The 4.7-inch Super AMOLED display has a sweet 1280 x 720 HD resolution and a high pixel density. This display technology makes for screens with rich colors and true blacks, thus the initial wallpaper and color scheme pops impressively. Outdoors, the display remains visible with brightness turned up or set to auto. Indoors, you can turn it down to 20 percent without sacrificing quality (and save some battery in the process).
Overall performance was very impressive thanks the Snapdragon processor. However, we did note a bit of lag when swiping between Home screens and the App Drawer. Overall, we experienced smooth performance when watching video or playing games like , , or . The Razr HD scored 4,902 on the Quadrant benchmark, which is below the Galaxy S3’s 5,000+ score, but not by much.
The 8-megapixel camera on the rear of the Razr HD isn’t as impressive as the HTC One X or the iPhone 5. The Galaxy S3 is better as well, though not by as wide a margin. In good lighting, the shutter proved speedy. In darker scenarios it took a while for the camera to focus correctly, and the resulting shots are only okay. The flash on the back helps a little, but sometimes results in blown-out subjects.
The rear camera’s usefulness is hindered a bit by Motorola’s custom camera app. It’s a step up from the stock Android app, but does lack a few key settings options, like white balance. This means indoor shots may come out a bit orange and outdoor shots too blue. We do like that the app will suggest settings when it detects certain shooting conditions. For example, when trying to snap a photo with mixed sunlight and deep shadow, the app indicated that we should try the HDR (high dynamic range) option for a better outcome. It was right.

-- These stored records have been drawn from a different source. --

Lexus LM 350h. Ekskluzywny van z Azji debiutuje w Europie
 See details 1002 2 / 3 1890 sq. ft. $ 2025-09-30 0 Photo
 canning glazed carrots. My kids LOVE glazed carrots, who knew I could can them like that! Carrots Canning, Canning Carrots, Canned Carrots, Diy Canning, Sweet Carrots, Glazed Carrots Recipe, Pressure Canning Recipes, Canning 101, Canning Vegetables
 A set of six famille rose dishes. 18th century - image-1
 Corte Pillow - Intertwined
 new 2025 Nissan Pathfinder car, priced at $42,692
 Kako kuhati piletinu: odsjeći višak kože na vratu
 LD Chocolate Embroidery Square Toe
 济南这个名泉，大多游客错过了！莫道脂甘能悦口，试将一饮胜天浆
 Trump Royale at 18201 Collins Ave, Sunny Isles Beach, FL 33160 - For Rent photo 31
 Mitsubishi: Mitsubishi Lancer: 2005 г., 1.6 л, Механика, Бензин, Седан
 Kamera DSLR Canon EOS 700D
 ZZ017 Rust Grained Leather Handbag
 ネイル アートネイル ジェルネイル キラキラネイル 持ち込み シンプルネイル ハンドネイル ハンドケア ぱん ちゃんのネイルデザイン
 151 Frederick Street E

Like HTC and Samsung, Motorola now includes the ability to take pictures while shooting video. Other advanced features include panorama shots, scene mode, and filters. While there’s no dedicated hardware shutter button, users can use the volume toggle for this function or use it to zoom.
The front-facing 1.3MP camera does all right outside, but when taking pictures or facilitating video chat in low light, the results are very pixilated and grainy.
Call quality is above average for smartphones, which don’t usually wow us. Callers reported hearing us very clearly even with low to medium amounts of background noise. The earpiece delivered loud, clear audio as well. Verizon Wireless reception for cell calls and for 4G LTE is excellent in our testing area — New York City — thus data transfers were always speedy.
We haven’t been able to fully test the Razr HD’s 2,530mAh battery yet, but our initial hands-on shows that battery life is long, but perhaps not as long as Motorola claims. They rate usage time at 24 hours, but on our first two days the battery drained to under 20 percent in 6-8 hours. This was with very heavy usage and without employing any power saving measures. Standby time is impressive, with the phone losing less an 8 percent over 7 hours.
It looks like the Razr HD will be able to go a full day without needing a charge with medium to light usage or even heavy usage with tweaks to save juice. We’ll update this review with full battery test results.
The Droid Razr HD is a worthy addition to the Razr family and builds on all of the good aspects of last year’s Droid Razr while bringing a few extra goodies to the table. The compact, sleek design is as strong as it is good-looking, and though it has a large screen, it’s sized with regular sized hands in mind. Keeping a big screen phone from feeling too big is a challenge, and Motorola rose to it with aplomb. Combine that with good performance and battery life and you have a highly desirable smartphone.